§ **YOUR TASK**
What's needed is an exact copy of the lines from the one that contains "Loji Hotel - Surakarta City - Bedroom" to the end of the data below, leaving the pictures out.

(INPUT DATA)

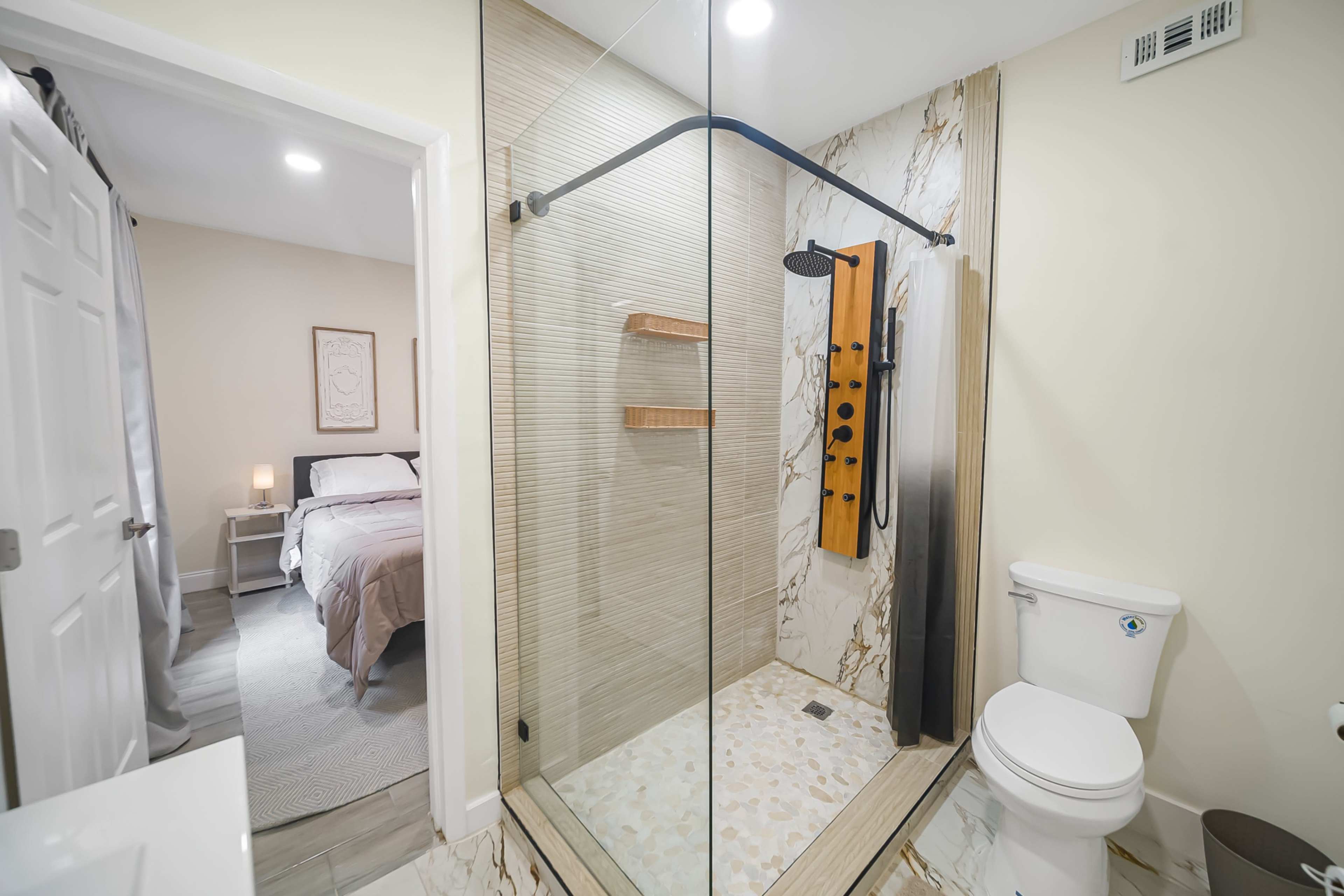 The image shows a modern bathroom featuring a glass-enclosed shower, a toilet, and views of a bedroom through an open doorway.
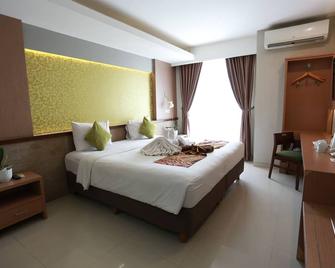 Loji Hotel - Surakarta City - Bedroom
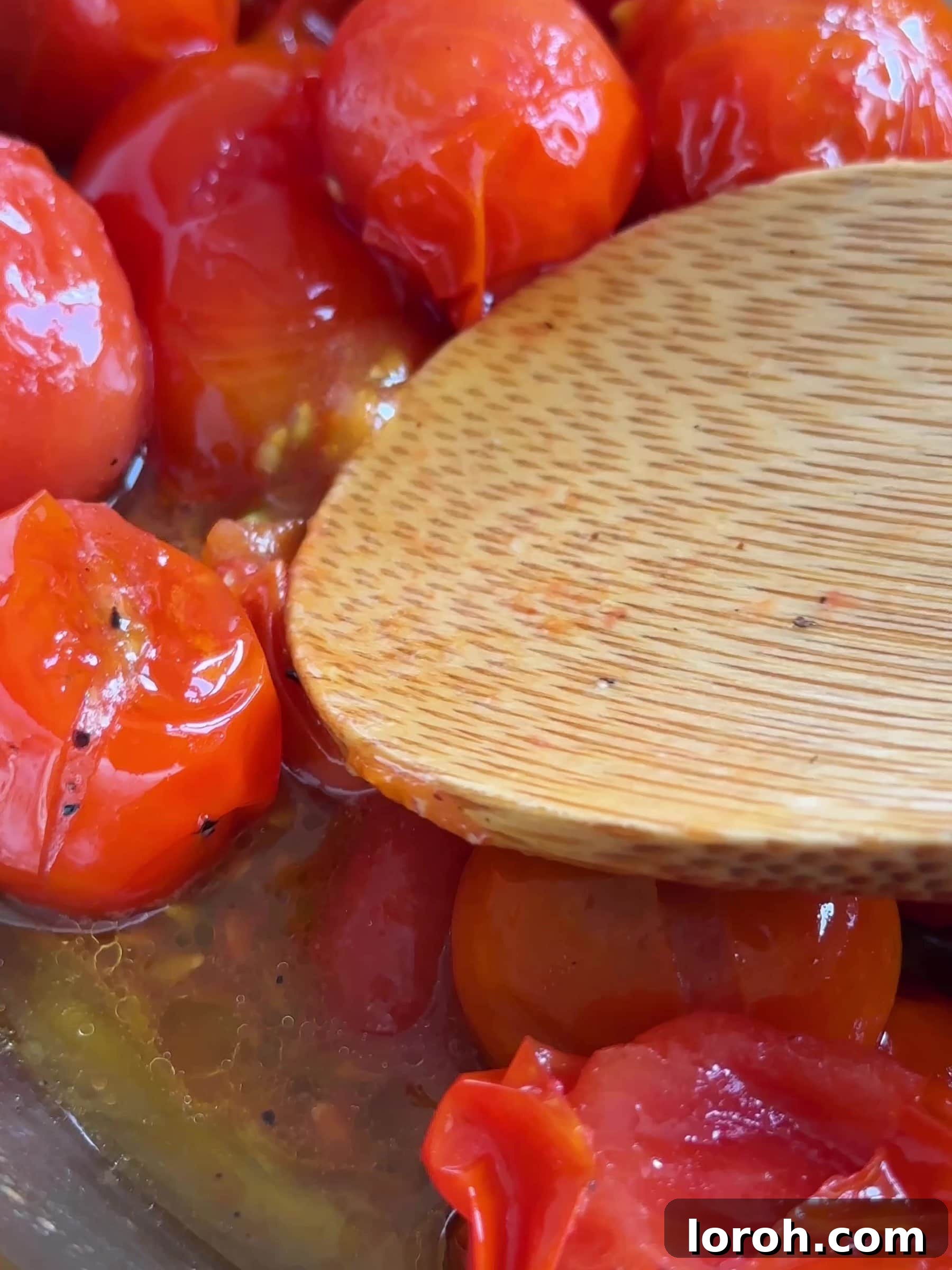Creamy Tuna Pasta with Sweet and Spicy Tomatoes 6 Cherry tomatoes softening and bursting in a frying pan.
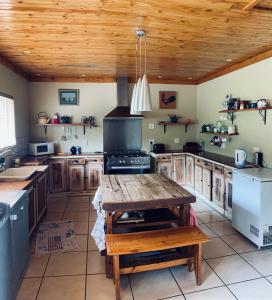 a kitchen with wooden cabinets and a wooden table at Up The Hill Guesthouse in Kestell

(End INPUT DATA)

§ **FINISHED TASK**
 Loji Hotel - Surakarta City - Bedroom
Creamy Tuna Pasta with Sweet and Spicy Tomatoes 6 Cherry tomatoes softening and bursting in a frying pan.
 a kitchen with wooden cabinets and a wooden table at Up The Hill Guesthouse in Kestell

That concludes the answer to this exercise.